● WORK ORDER: All pictures must be dropped, while the entries are given again word for word.

● LISTED RECORDS:
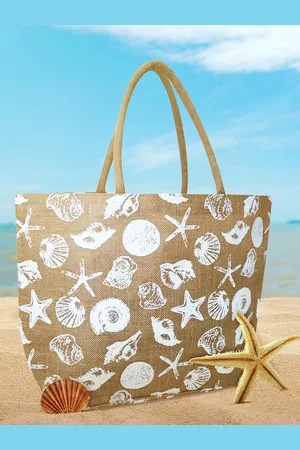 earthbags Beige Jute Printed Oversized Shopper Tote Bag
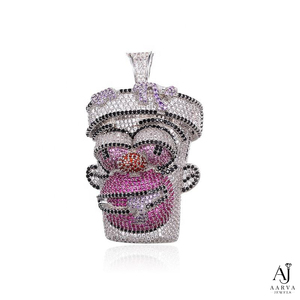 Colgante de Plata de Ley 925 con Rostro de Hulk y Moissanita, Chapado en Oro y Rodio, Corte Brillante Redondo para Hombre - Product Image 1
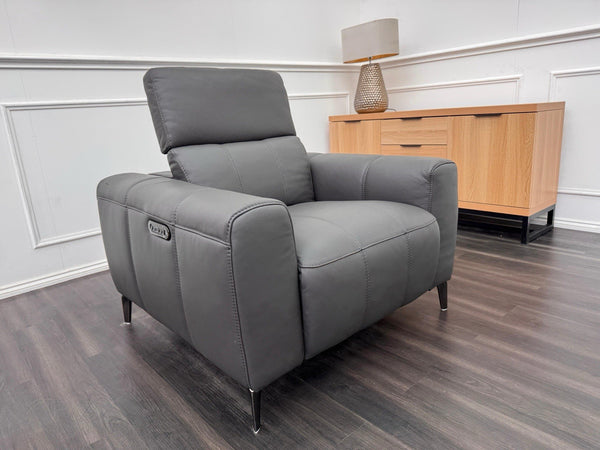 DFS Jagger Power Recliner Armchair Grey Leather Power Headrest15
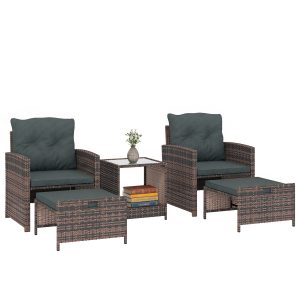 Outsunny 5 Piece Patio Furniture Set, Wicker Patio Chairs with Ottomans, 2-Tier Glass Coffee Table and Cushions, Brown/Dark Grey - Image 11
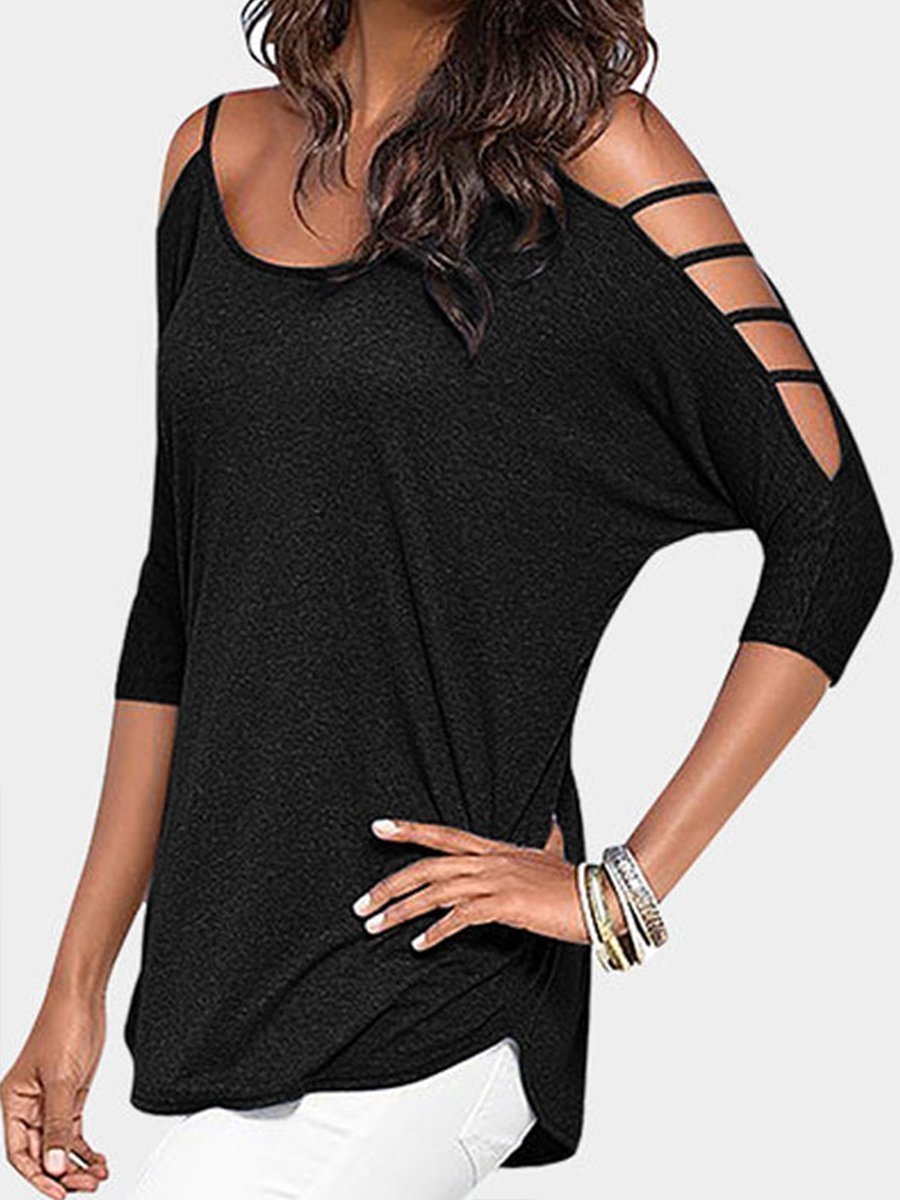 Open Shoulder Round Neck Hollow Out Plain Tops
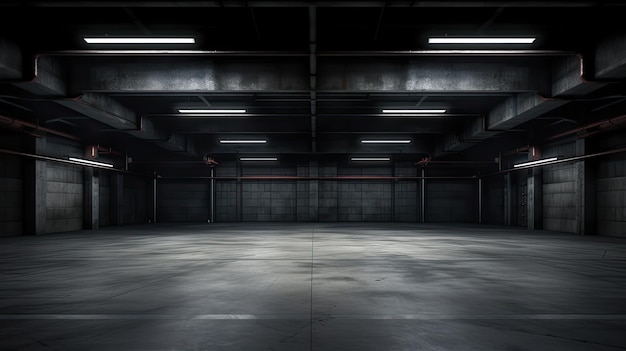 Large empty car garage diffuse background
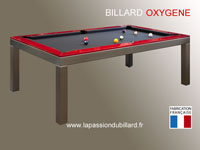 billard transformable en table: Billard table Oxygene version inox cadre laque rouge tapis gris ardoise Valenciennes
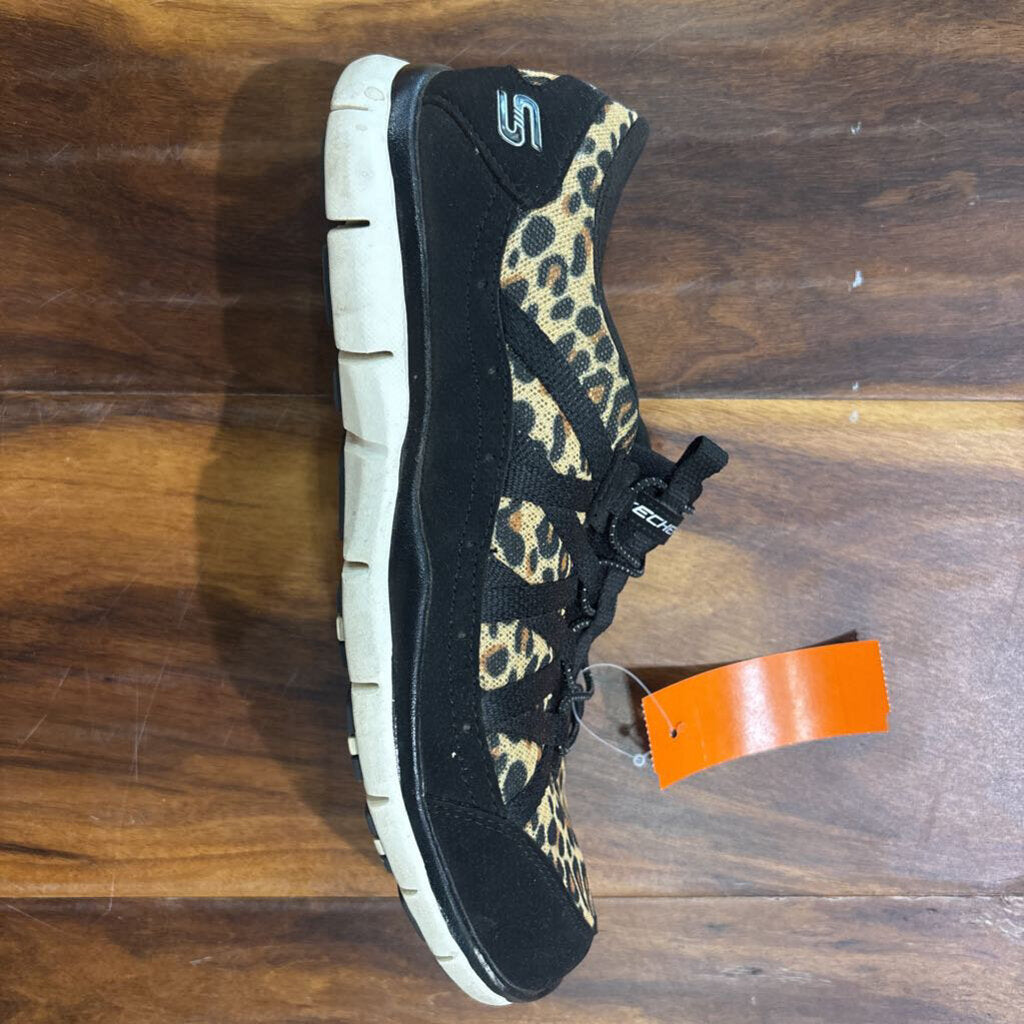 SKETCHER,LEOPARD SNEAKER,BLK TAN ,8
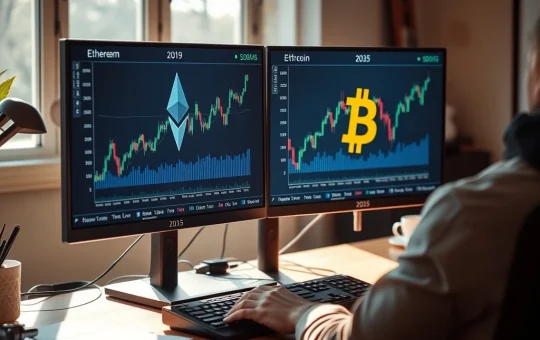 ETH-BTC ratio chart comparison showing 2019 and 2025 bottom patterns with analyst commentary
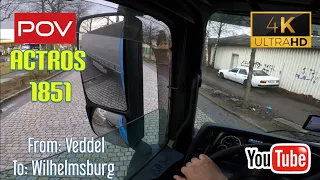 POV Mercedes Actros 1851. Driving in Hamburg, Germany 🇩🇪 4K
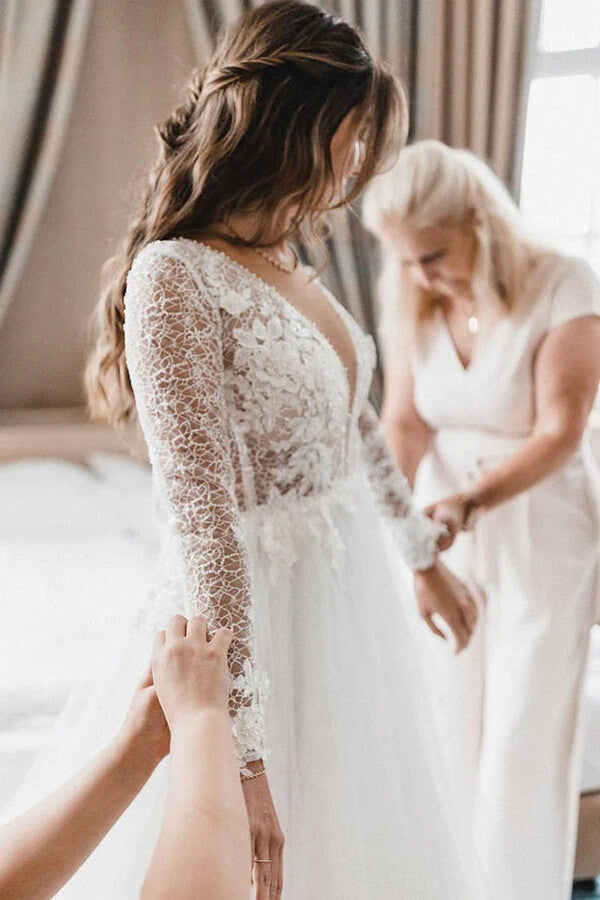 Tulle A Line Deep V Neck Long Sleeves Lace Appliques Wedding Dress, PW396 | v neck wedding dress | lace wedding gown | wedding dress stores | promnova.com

● SOLVED PROBLEM:
 earthbags Beige Jute Printed Oversized Shopper Tote Bag
 Colgante de Plata de Ley 925 con Rostro de Hulk y Moissanita, Chapado en Oro y Rodio, Corte Brillante Redondo para Hombre - Product Image 1
 DFS Jagger Power Recliner Armchair Grey Leather Power Headrest15
 Outsunny 5 Piece Patio Furniture Set, Wicker Patio Chairs with Ottomans, 2-Tier Glass Coffee Table and Cushions, Brown/Dark Grey - Image 11
 Open Shoulder Round Neck Hollow Out Plain Tops
 Large empty car garage diffuse background
 billard transformable en table: Billard table Oxygene version inox cadre laque rouge tapis gris ardoise Valenciennes
 SKETCHER,LEOPARD SNEAKER,BLK TAN ,8
 ETH-BTC ratio chart comparison showing 2019 and 2025 bottom patterns with analyst commentary
 POV Mercedes Actros 1851. Driving in Hamburg, Germany 🇩🇪 4K
 Tulle A Line Deep V Neck Long Sleeves Lace Appliques Wedding Dress, PW396 | v neck wedding dress | lace wedding gown | wedding dress stores | promnova.com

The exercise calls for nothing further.